Soller : Foi encaminhado um projeto de lei ao Congresso em que se busca tratar dessas insatisfações em alguma medida. Não que ali se esteja tratando da mesma forma que o Judiciário e o MP. Mas se pegou um diferencial que a advocacia pública tem e é só dela. E que está consagrado agora no novo Código de Processo Civil (CPC), que é o dever de os honorários advocatícios serem destinados aos advogados públicos. Como está no Estatuto da OAB para qualquer advogado. E que as procuradorias regionais, estaduais e municipais, já tinham. O que esse projeto busca fazer é disciplinar a forma como esse direito será exercido. Além disso, uma pequena recomposição foi prevista, escalonada. Não digo que resolve por completo a insatisfação dos colegas, que é maior do que isso. Também temos uma função fundamental à Justiça. Defendemos todas as políticas públicas, o erário público, cobramos a dívida ativa e atuamos pela União em causas bilionárias. Sem isso, o Estado não se sustenta.

Valor: Algo foi feito para otimizar o trabalho dos profissionais?

Soller : Sim. Um outro projeto cria uma carreira estruturada de apoio administrativo no âmbito da Advocacia-Geral da União (AGU). Hoje em dia, o que usamos é um plano de cargos do Ministério da Fazenda, mas que também atende Receita e Secretaria do Tesouro, entre outros. Com uma carreira de apoio, poderíamos nos concentrar em fazer o que é mais relevante, mais valioso para a instituição. E não se perder em coisas que poderiam ser resolvidas por servidores administrativos.

Valor: Quais medidas que constam do novo CPC vão impactar a PGFN?

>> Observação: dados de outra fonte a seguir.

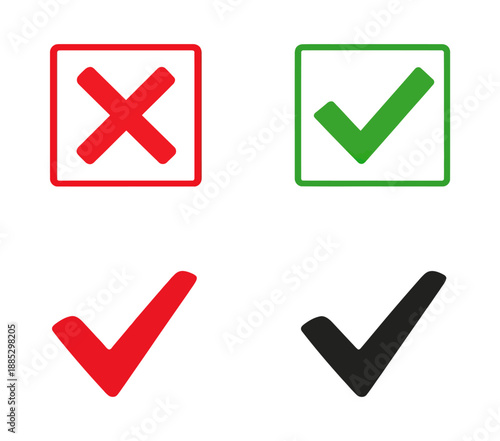 Check marks and crosses for decisions and choices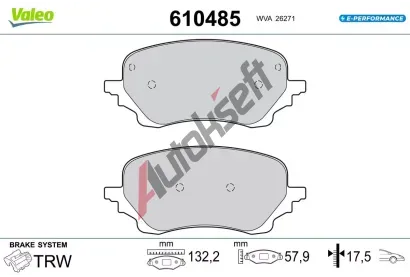 VALEO Sada brzdov�ch desti�ek E-PERFORMANCE VA 610485, 610485
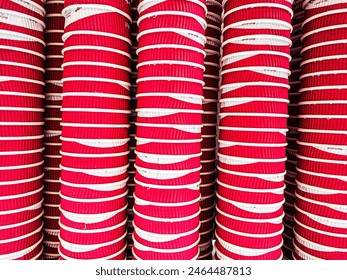 Stacks of red, throwaway cups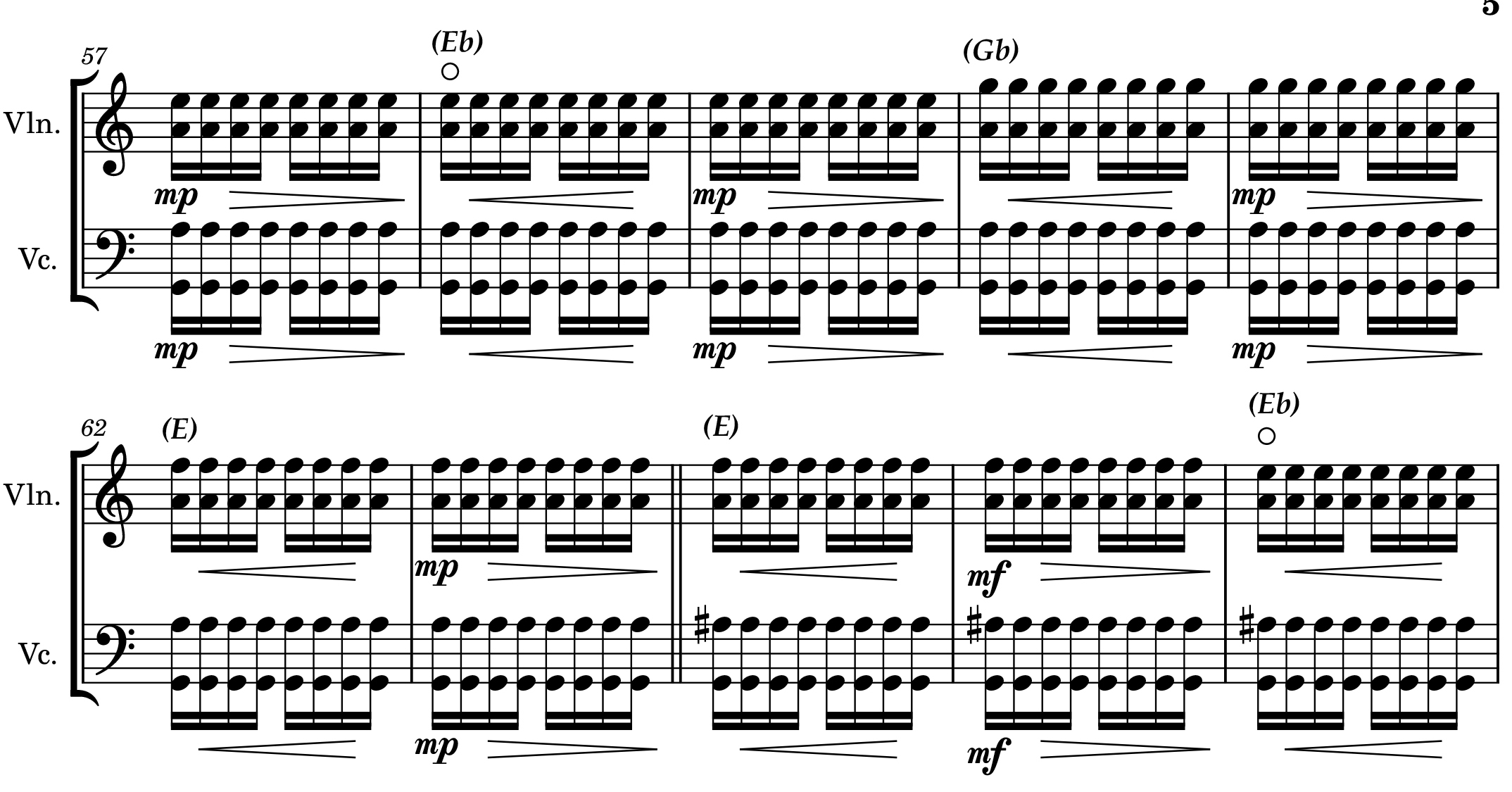 An excerpt from the score for Shi-An Costello's Diminishing 5ths, a composition for violin and violoncello duo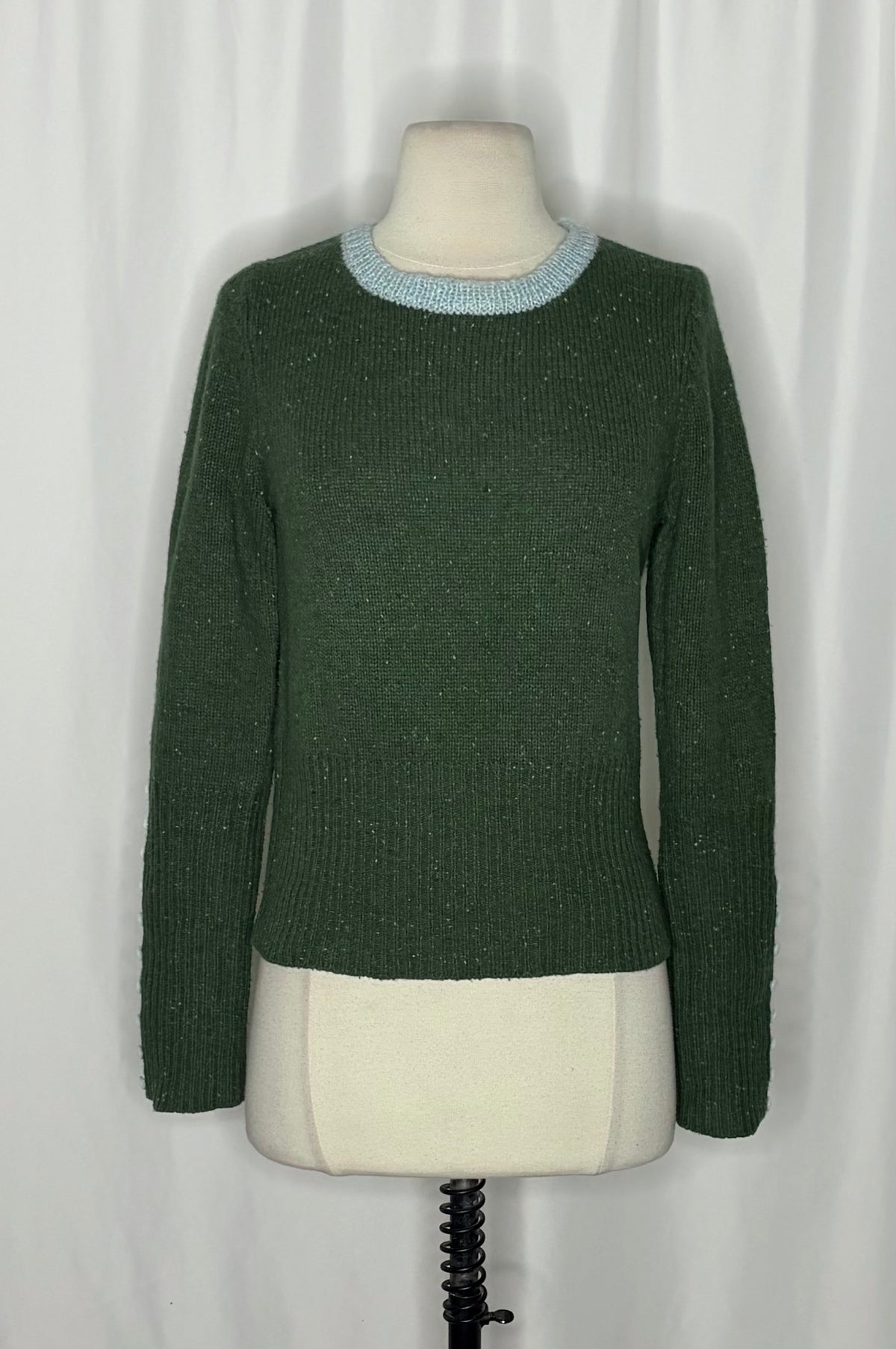 Anthropologie SLEEPING ON SNOW Green Cashmere Wool Button Sweater Knit Small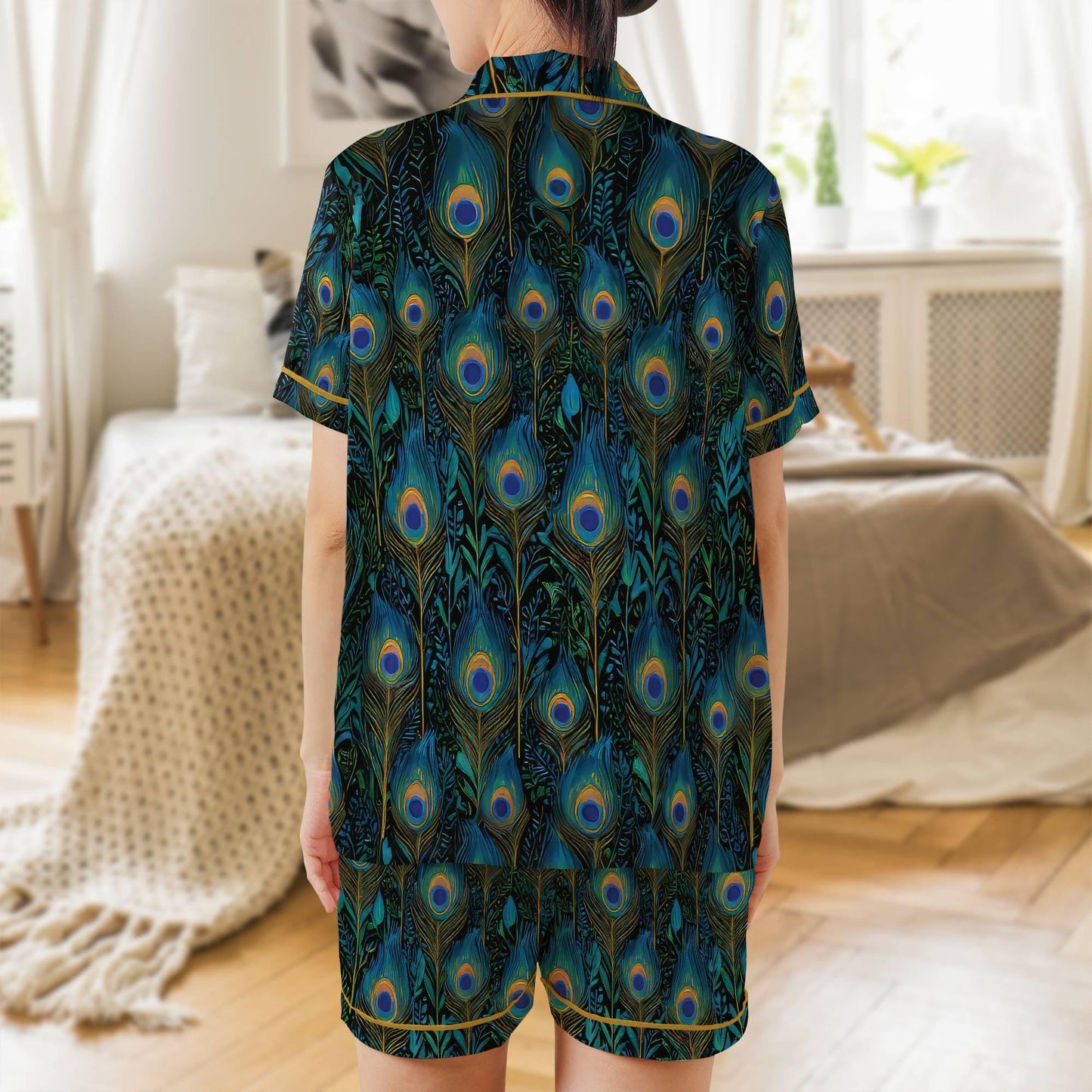 Peacock Pajama Set Short Sleeves, Peacock Feathers Woman's Satin Pajamas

Soller : O principal ponto é o dos honorários. É inegável que é um grande estímulo para a advocacia privada e pública. E quem paga é a parte. Não é dinheiro público e [o mecanismo] vem auxiliar como elemento de eficiência, não é uma questão unicamente corporativa. É fácil imaginar que haverá um número muito maior de impugnações aos valores das causas. Mas o ganho é grande.